Before your eyes fall out of your head and you pull a muscle screaming "But Hayden, it's a video game," or "it's satire," well, save your voice. I hear you, loud and clear. Games aren't always serious business. I enjoy many things that are beyond the pale, or on the shadier side of that gray line. I love The Fast and the Furious movies. Some may say that's hypocrisy. I say it's drawing a line. A man's gotta have a code.
Not only that, I actually fought to get Killer Is Dead on our reviews docket, though I had absolutely zero knowledge of what the game would be. It almost got cut from our reviews calendar and I said, "Suda51? Nah, we have to review his games. That guy did Killer7!"
I didn't know about Gigolo Mode. I went in blind.
I do not enjoy Killer is Dead. It is the line I refuse to cross. It is trashy. It is gross. It is pandering. I do not think it goes far enough to be satire. Good satire is clever. Good satire is challenging. This is neither.

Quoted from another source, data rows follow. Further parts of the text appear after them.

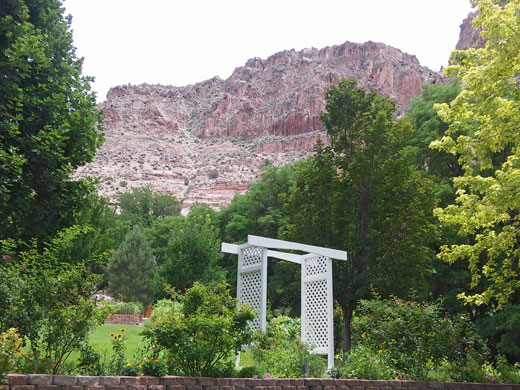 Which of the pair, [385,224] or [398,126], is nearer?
[385,224]

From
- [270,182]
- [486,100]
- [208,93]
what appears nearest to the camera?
[486,100]

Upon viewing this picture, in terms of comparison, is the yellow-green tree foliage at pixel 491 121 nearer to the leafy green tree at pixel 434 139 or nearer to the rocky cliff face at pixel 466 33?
the leafy green tree at pixel 434 139

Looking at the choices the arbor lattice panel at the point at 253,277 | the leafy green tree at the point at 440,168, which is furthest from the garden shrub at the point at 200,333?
the leafy green tree at the point at 440,168

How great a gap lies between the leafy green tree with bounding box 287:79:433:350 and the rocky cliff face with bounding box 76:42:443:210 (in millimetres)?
48944

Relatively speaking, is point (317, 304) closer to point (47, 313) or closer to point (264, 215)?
point (47, 313)

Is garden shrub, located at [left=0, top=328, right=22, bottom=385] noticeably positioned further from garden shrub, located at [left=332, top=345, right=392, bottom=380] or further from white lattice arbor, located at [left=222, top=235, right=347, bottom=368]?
garden shrub, located at [left=332, top=345, right=392, bottom=380]

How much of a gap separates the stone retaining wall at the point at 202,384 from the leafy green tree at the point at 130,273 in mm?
23750

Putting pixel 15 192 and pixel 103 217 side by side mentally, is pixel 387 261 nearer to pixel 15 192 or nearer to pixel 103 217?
pixel 15 192

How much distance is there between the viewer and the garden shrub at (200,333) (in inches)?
230

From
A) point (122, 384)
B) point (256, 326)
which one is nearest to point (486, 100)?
point (256, 326)

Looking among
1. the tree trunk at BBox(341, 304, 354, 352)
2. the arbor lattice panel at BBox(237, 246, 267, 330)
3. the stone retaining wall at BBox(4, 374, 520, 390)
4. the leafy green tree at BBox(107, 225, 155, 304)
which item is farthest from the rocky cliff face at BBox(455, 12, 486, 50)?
the stone retaining wall at BBox(4, 374, 520, 390)

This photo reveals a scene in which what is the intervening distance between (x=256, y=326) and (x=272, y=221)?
1581 centimetres

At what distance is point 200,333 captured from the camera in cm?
605

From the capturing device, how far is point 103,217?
2133cm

I would feel ashamed if my parents (or anybody who's relatively unfamiliar with games) saw me playing Killer is Dead and thought it was representative of my hobby. End of story.
And you know what, I'd feel bad if Killer is Dead was actually fun to play. That level of cognitive dissonance would probably crack my skull in half. How could I review a game that was so utterly tone-deaf on one end but also so much fun to play? I couldn't! It would be impossible!
Luckily, Killer is Dead is not fun to play.
When you take a break from leering at women and trying to parse the dumb-as-dirt plot, you have to actually play through the game's poor hack-n-slash combat. One button attacks with your sword. Another button punches people with your arm to break their defense. A third button blocks. Triggers use your gun (or other, fairly useless unlockable weapons).
On the Xbox 360, the winning combo looks something like this: X (basic attack)-X-X-X-X-X-X-Y (to break defense)-B (to dash)-X-X-X-X-X-X-X-X—oh, they're already dead and I stopped paying attention.